** Opening Listed records block **
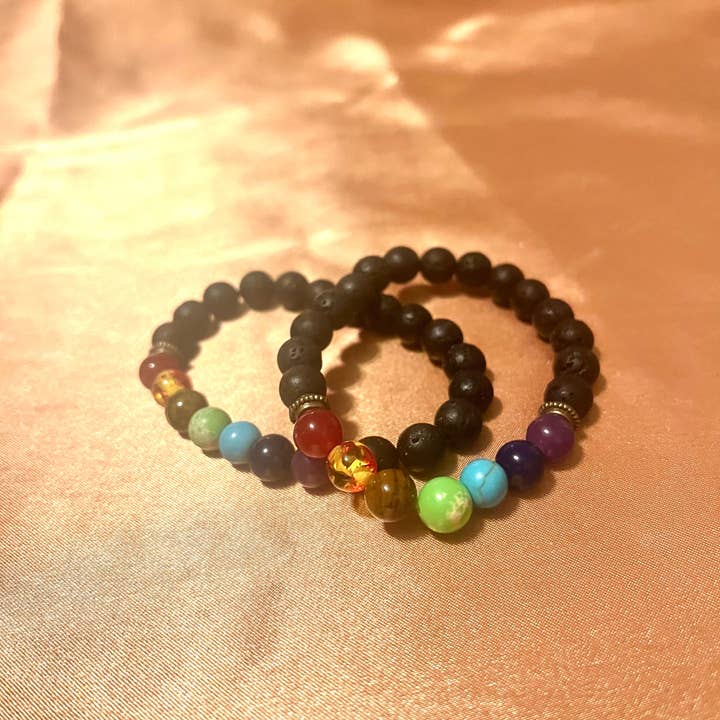 Angels Apoth-a-fairy - Vendita all'ingrosso Bracciale con perline - Bracciale 7 Chakra + Pietra Lavica
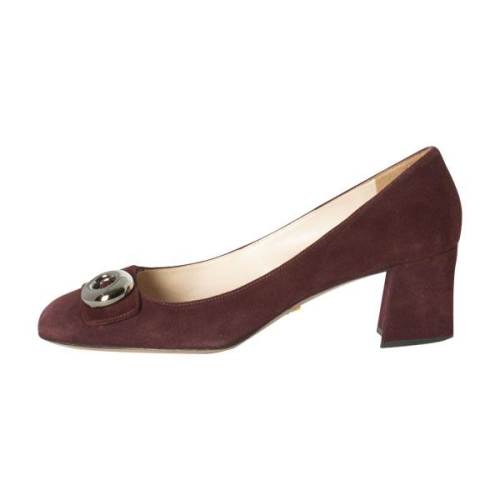 Prada Suede Block Heel Pumps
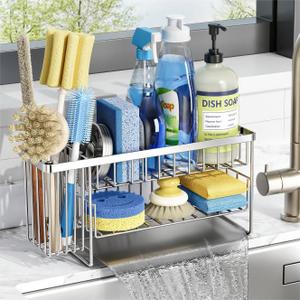 Cisily Silver 2-Tier Kitchen Sink Caddy Organzier Rack with Flexible Dish Brush Holder, Sponge Holder for Kitchen Sink Countertop Organization Storage,Home Decor Stainless Steel (Medium)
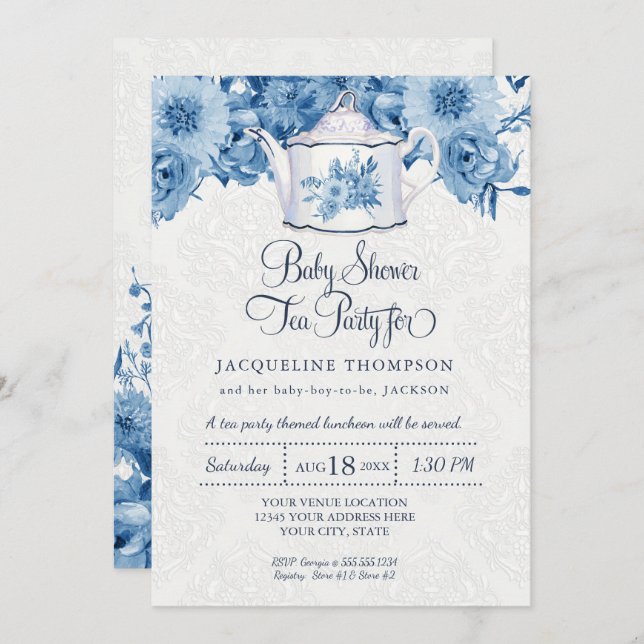 Invitation Baby shower Tea Party Navy Floral bleu avec théièr (Devant / Derrière)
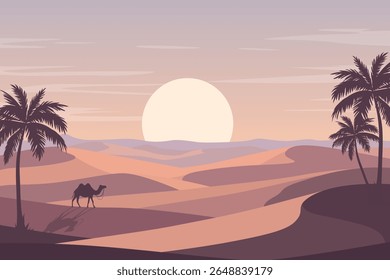 Scenic Desert Sunset with Silhouetted Camel, Rolling Sand Dunes, and Date Palm Trees. Peaceful Arabian Landscape Under Warm Evening Sky. Beautiful Nature Background Illustration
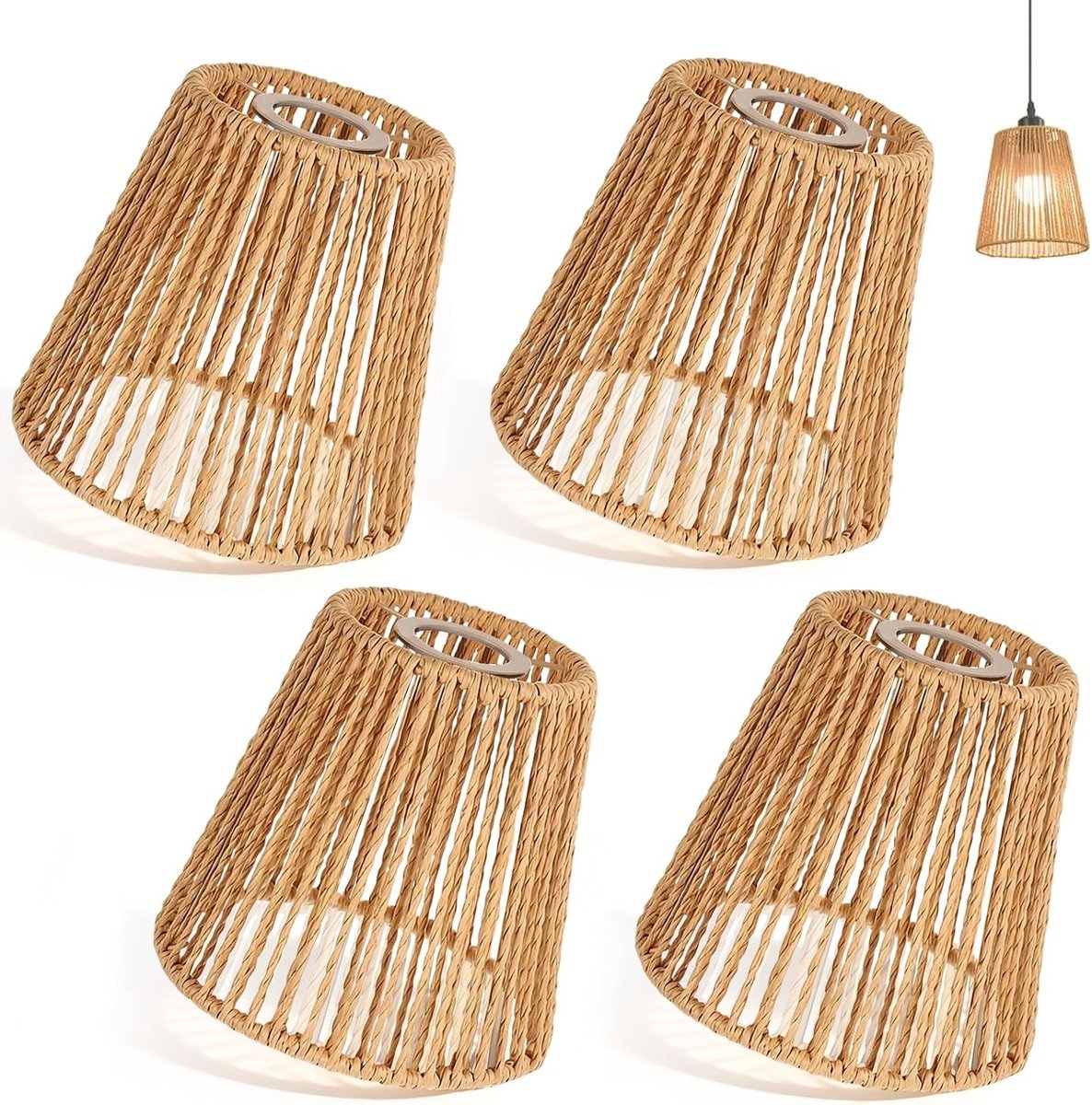 Lampenkap - Bruin - 14 x 10 x 14 cm - Rotan Jute - Voor Tafellamp en Hanglamp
** Closing Listed records block **
- _Work to be completed_
Excluding the pictures, write out exactly the lines from the line that contains "Invitation Baby shower" through the end of the records.

- _Written answer_
 Invitation Baby shower Tea Party Navy Floral bleu avec théièr (Devant / Derrière)
 Scenic Desert Sunset with Silhouetted Camel, Rolling Sand Dunes, and Date Palm Trees. Peaceful Arabian Landscape Under Warm Evening Sky. Beautiful Nature Background Illustration
 Lampenkap - Bruin - 14 x 10 x 14 cm - Rotan Jute - Voor Tafellamp en Hanglamp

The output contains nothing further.